Она коротко визгнула и вернулась к вопросу:
- Казнишь людей?
- Пытаю, казню.
- Часто?
- Раз в полгода, а то и реже. Здесь тихо, это ж не Фаунтерра.
- А как казнишь? Топором?
Он пожал плечами:
- Как суд решит. Топором, петлей, колесом… Кричи еще.
- Ааааа!..
Она что-то пропустила - когда утихла, снова говорила злюка:
- Не пытайтесь разжалобить, сударь. Не люблю жалких людей, да и вам не к лицу.
- Детка, я ж не о жалости, а о жизни. Мы не выбираем, как жить, какими быть. Сама сказала: нас такими делают. Кругом жестокость, равнодушие, жадность, подлость – вот и мы становимся…
- Что за словечко – «мы»? Вы видели меня подлой, равнодушной, жадной?
- Видел жестокой. Сейчас вижу. Пытаешь ребенка.

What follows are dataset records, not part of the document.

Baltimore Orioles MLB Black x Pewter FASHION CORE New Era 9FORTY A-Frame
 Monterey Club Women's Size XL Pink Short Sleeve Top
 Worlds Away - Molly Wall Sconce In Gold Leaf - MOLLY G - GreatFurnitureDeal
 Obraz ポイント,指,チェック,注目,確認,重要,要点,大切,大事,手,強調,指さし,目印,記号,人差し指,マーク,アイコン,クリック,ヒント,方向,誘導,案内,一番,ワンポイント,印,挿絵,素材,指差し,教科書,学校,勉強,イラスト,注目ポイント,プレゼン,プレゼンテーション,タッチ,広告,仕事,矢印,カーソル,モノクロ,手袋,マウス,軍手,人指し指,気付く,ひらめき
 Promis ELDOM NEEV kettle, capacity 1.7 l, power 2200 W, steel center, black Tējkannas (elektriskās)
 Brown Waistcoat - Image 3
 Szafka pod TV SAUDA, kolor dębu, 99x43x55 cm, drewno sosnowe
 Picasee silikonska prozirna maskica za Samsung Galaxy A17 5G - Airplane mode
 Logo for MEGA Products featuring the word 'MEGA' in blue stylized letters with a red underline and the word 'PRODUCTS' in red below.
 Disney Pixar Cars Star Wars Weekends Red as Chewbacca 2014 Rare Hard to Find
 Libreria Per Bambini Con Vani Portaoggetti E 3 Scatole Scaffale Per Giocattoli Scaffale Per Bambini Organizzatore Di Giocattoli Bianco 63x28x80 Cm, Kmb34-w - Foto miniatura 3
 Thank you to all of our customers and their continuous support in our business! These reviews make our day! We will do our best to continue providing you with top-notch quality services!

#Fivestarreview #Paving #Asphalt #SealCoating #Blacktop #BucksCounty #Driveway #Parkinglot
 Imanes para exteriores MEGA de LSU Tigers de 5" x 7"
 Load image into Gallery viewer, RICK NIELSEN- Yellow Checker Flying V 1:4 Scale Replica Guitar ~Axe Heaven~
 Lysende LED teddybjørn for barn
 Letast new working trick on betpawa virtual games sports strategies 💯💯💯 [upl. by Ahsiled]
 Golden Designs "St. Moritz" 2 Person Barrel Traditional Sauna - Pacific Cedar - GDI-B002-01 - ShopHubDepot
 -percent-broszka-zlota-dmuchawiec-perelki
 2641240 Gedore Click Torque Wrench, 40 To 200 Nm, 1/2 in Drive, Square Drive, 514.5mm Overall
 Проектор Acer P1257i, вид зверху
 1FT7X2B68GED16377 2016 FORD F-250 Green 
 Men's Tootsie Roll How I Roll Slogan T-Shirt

- Не волнуйтесь, Инжи: скоро займемся и вами. Скажите, наконец: как мне вас простить? Вы верите, что можно быть подлецом, что жестокий приказ или жестокая жизнь оправдывают злодеяния. Выйдя отсюда, вернетесь на ту же дорожку.
- Клянусь, что…
Палач кивнул Крохе, она покричала.
- Простите, не расслышала, - буркнула злюка.
- Я больше не…
Палач снова кивнул, крик оборвал слова Инжи.
- Снова не уловила, шумно здесь.
- Я изменился, стал другим!
Палач кивнул, Кроха шепнула:
- Подожди, дай послушать!
- Велено кричать.
- Тебе же тоже любопытно. Ну хоть минутку!
Он смирился и навострил уши.
Злюка говорила:
- Сударь, скажите еще, что изменились благодаря мне. Соврите что-нибудь о том, как горько раскаялись, как извелись упреками совести, все осознали, все переосмыслили. Молили богов дать вам второй шанс – и тут явилась Крошка Джи. Почти как я, только мельче и трогательней. Не это ли доказательство вашей перемены?